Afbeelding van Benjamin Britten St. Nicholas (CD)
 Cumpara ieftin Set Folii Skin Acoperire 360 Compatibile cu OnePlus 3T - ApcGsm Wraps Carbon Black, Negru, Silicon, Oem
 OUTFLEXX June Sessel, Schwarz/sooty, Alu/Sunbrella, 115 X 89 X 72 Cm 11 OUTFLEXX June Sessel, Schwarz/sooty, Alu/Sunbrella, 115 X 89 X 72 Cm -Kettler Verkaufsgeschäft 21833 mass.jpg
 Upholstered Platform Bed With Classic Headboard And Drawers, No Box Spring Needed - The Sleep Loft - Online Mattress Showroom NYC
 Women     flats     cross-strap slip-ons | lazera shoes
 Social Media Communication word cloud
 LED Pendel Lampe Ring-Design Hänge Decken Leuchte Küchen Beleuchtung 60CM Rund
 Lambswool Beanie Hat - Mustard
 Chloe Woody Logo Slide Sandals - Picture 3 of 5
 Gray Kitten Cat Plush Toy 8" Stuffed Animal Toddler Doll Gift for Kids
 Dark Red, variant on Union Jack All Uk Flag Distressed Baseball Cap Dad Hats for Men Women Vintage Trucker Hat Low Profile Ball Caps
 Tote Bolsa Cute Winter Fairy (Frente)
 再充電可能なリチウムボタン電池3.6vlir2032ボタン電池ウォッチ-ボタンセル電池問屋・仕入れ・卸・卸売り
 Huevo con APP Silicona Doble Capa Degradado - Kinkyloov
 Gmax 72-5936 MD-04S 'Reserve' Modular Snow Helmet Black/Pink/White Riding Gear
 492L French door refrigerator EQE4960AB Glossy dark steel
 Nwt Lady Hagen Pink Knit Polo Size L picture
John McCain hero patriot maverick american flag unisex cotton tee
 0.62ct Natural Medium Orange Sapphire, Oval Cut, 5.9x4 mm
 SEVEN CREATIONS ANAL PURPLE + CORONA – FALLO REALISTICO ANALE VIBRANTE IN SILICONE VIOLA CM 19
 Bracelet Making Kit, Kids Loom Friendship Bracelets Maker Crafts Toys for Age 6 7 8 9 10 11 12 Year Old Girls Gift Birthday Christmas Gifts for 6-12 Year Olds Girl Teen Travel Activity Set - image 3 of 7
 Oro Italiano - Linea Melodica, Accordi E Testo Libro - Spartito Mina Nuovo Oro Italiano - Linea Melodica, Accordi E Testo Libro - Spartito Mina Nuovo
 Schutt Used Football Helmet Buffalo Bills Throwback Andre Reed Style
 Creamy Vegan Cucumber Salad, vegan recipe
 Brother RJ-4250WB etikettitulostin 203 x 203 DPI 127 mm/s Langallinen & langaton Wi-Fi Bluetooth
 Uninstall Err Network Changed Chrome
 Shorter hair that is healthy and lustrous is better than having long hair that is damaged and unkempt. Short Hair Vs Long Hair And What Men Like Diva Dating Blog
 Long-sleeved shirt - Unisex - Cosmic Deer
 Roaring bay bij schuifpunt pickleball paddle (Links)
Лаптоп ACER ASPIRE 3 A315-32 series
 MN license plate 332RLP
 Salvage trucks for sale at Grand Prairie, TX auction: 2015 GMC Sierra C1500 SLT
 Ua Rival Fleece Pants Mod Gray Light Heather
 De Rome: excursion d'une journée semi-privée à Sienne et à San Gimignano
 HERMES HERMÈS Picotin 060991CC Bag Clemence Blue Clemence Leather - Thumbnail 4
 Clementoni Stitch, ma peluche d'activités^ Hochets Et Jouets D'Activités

→ **Description of the task**
Everything in the material above from the line that has "John McCain hero" through the line that has "Shorter hair that" must be duplicated exactly, with no other lines given.

→ **Response to the task**
John McCain hero patriot maverick american flag unisex cotton tee
 0.62ct Natural Medium Orange Sapphire, Oval Cut, 5.9x4 mm
 SEVEN CREATIONS ANAL PURPLE + CORONA – FALLO REALISTICO ANALE VIBRANTE IN SILICONE VIOLA CM 19
 Bracelet Making Kit, Kids Loom Friendship Bracelets Maker Crafts Toys for Age 6 7 8 9 10 11 12 Year Old Girls Gift Birthday Christmas Gifts for 6-12 Year Olds Girl Teen Travel Activity Set - image 3 of 7
 Oro Italiano - Linea Melodica, Accordi E Testo Libro - Spartito Mina Nuovo Oro Italiano - Linea Melodica, Accordi E Testo Libro - Spartito Mina Nuovo
 Schutt Used Football Helmet Buffalo Bills Throwback Andre Reed Style
 Creamy Vegan Cucumber Salad, vegan recipe
 Brother RJ-4250WB etikettitulostin 203 x 203 DPI 127 mm/s Langallinen & langaton Wi-Fi Bluetooth
 Uninstall Err Network Changed Chrome
 Shorter hair that is healthy and lustrous is better than having long hair that is damaged and unkempt. Short Hair Vs Long Hair And What Men Like Diva Dating Blog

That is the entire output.